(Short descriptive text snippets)
========================================

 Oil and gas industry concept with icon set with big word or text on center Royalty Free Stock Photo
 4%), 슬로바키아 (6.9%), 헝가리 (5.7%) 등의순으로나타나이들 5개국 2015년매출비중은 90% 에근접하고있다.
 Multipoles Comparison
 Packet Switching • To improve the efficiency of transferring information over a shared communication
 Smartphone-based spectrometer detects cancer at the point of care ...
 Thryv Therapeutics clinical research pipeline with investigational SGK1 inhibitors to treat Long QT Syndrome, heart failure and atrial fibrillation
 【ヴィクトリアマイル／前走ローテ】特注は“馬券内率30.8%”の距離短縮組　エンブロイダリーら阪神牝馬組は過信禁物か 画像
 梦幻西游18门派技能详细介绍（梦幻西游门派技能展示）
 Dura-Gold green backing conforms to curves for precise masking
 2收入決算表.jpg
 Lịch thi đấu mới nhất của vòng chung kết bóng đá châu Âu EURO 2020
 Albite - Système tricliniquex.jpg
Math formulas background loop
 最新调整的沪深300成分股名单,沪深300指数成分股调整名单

========================================

# Brief
Only the lines from the one containing "Albite - Système tricliniquex.jpg" through the end of the records above belong in the output, each exactly as it stands, both ends included.

# Response box
 Albite - Système tricliniquex.jpg
Math formulas background loop
 最新调整的沪深300成分股名单,沪深300指数成分股调整名单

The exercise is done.